The Times tells the story best in the opening paragraphs of the Media Cache blog entry:
During a slow week for news last summer, the investment bank Morgan Stanley generated headlines when it sent out a research report about teenagers’ media consumption, based on the musings of a 15-year-old intern at the bank’s London office.
For those who missed it, here’s a summary: Teenagers like movies, music, video games and mobile phones. They like to pay as little as possible for them, or nothing at all. They use the Internet for social networking and other “fun” things when their homework is done. Twitter is pointless.
Like many of us, the analysts at Forrester figured executives probably shouldn’t be pinning their businesses’ futures on the media musings of a single, 15 year-old male Morgan Stanley intern. How typical could any teen be that opts to work at Morgan Stanley for the summer over lifeguarding amongst bikini-clad peers? But it’s absolutely amazing how that Morgan Stanley “research” became common wisdom overnight.
* I highly recommend reading our intern firend’s media worldview. The confidence, the definitiveness he shows tells me he’s going to make a hell of a grown up analyst.

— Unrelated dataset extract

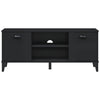 Stella Homewares Shoe Bench VIKEN Black 106x35x45 cm Engineered Wood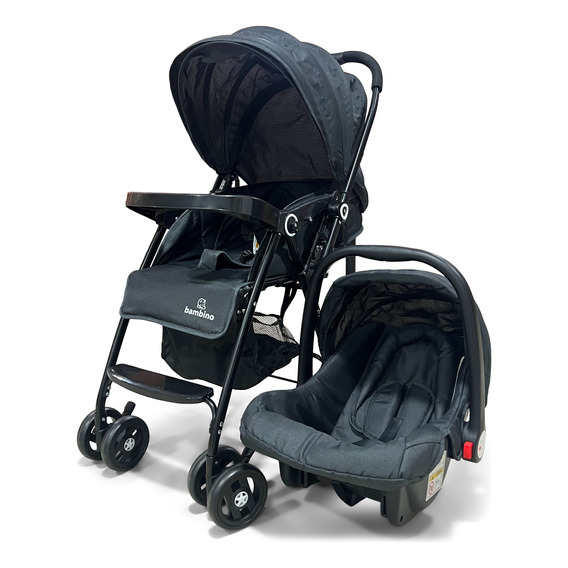 Coche Bebe Bambino Paseador Travelsystem Silla 3en1 Plegable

The Forrester research didn’t completely disprove the Morgan Stanley intern’s world view, but it did rein it in. Yes, TV viewing is down, Forrester acknowledges, but TV is still top dog.

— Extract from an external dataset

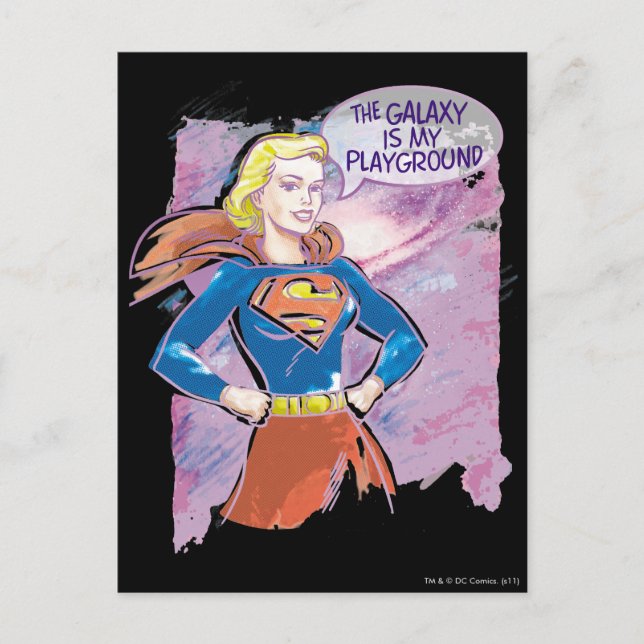 Supergirl Galaxy Postkarte (Vorderseite)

The lesson to be learned? Revolution is rare. Evolution is the norm. It doesn’t matter what the context, when a producer, a marketer, or an advertiser talks about how different today’s X is from yesterday’s X, be suspicious. Be very suspicious. In my world as a software designer the alarm bells start to ring whenever someone says anything prefaced by the phrase, “but newbies…” I spend a lot of time with new users. (I loathe the pejorative term newbies — it makes them sound like infants. You’re trying to describe a class of users, not a size of diapers.) Yet most of the people so eager to school me in the wants and needs of newbies, see one just a few times a year. We are all subject to believing our infinitely small sample size is indicative of a larger population, but it rarely is.

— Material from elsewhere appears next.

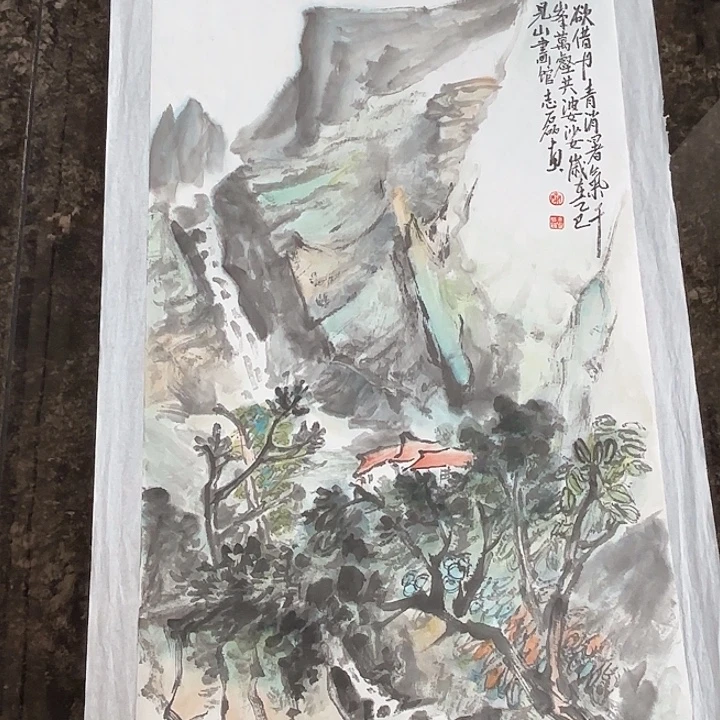 国画秦志磊国画70/34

So the next time someone tries to instruct you how to write, shoot, edit, or design a website for today’s X, check their sources. If it’s their niece the intern, take it with a grain of salt because today’s X is yesterday’s X tomorrow.
Apple, iTunes, and the cloud
A small, but interesting tidbit. Word has leaked that Apple has agreed to acquire the hybrid streaming-download music service Lala. Unlike other streaming services, Lala is not subscription-based so it fits nicely into Steve Job’s view of the online music world. Lala is more of a cloud-based iTunes. If you keep your music on the cloud and stream it, you pay 10 cents to add it to your collection. Downloading a song costs 89 cents. Lala also has a nifty technology that allows the user to upload his MP3 library to Lala. Any song in Lala’s catalog is linked to the Lala version, others the user can upload for free.
Assuming a proliferation of music playing devices with inexpensive Internet connectivity, the deal’s a no-brainer. It accelerates iTunes’ much needed migration to the cloud. You gotta love this business model from the consumer’s point of view. “Let me get this straight, you’ll store, backup, and manage my music collection on your storage with your infrastructure for 10 cents per song, or I can take on the hassle for 89 cents per song.” Apparently the model works according to a Wired article.
This Lala acquisition could also help iTunes increase its revenue-per-user. Steve Jobs admitted in 2007 that the average iTunes user had only bought an average of 22 songs. By contrast, Lala CEO Bill Nguyen told us in October that its paying customers spend an average of $67 on Lala music…
And don’t forget all of those wi-fi capable iPods to be sold.